Mountain lion tales are coming out of the woodwork.
This week, during a brief stop at The Recorder, two people in the newsroom stopped with tales of sightings, one by reporter Diane Broncaccio, the other by the sister of the Composing Department’s Susan Smith. It all started the way most cougar discussions begin — Smith telling the story about her sister’s sighting in her East Colrain back yard, Broncaccio overhearing the conversation and chiming in with a tale of her own, one she dubbed “my cougar story,” which occurred in Heath. A similar scenario could easily unfold at the barber shop, super market, church, town hall, ballgame, tavern … you name it, the conversation could take off there. All you need is one person bold enough to admit publicly that they’ve seen a big cat and the stories begin to piggyback. And that’s precisely what has happened in this space over the past month: One teaser tale has turned into a running commentary that’s now in its fifth consecutive week; and let me warn you now, this won’t be the last you hear about it here. There’s simply too many stories for one newspaper column. More than I would have ever imagined. In fact, an interesting tale just arrived in my Inbox this morning, one that occurred eerily close to several other recent sightings. But let’s not get ahead of ourselves. That one can wait while we address others from the ever-growing pile of printouts on my desk.
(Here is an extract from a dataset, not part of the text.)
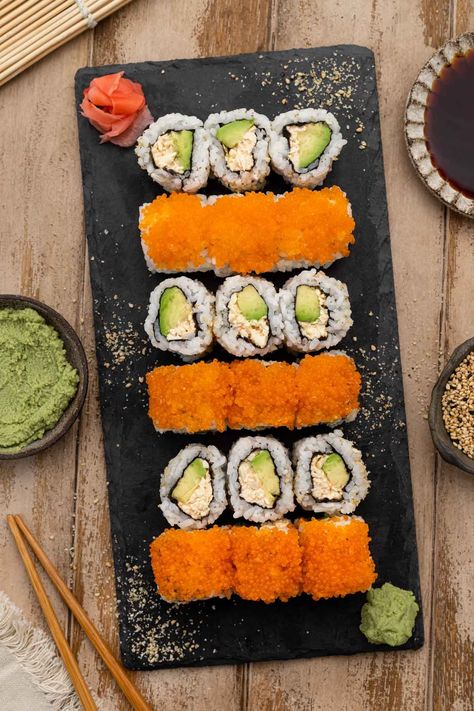 Are you looking for the perfect Vegan California Roll recipe? You've found it! This innovative version swaps crab meat for shredded tofu, providing a unique texture and taste. Topped with vegan caviar crafted from seaweed to give a burst of umami flavour, making these a crowd-pleaser for vegans and non-vegans alike. How To Roll Sushi, California Roll Recipe, Vegan Sushi Recipes, California Roll Recipes, Shredded Tofu, Rice In A Rice Cooker, Cucumber Sushi Rolls, Vegan Sushi Rolls, Make Sushi Rice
Today we’ll begin with Rocky Stone of Orange, a typical reporter of big-cat sightings, timid but credible. An Athol native and current coach of the Athol High School football team he once played for, Stone is a class act who has “followed the recent columns concerning cat sightings with much interest.” So, add it up, he waited a solid month to throw his hat in the ring. Prior to his “coming out,” he had shared his story only with his father, Chuck Stone, a sports and news reporter for the Fitchburg Sentinel and the Athol Daily News.
Stone’s tale goes back to 1956 when, as an 11-year-old boy living on Highland Avenue in Athol, he spotted something out his bedroom window that left an indelible impression. “It was a very large cat and I assumed it was a black panther that had escaped from a zoo or circus,” Stone wrote in an email.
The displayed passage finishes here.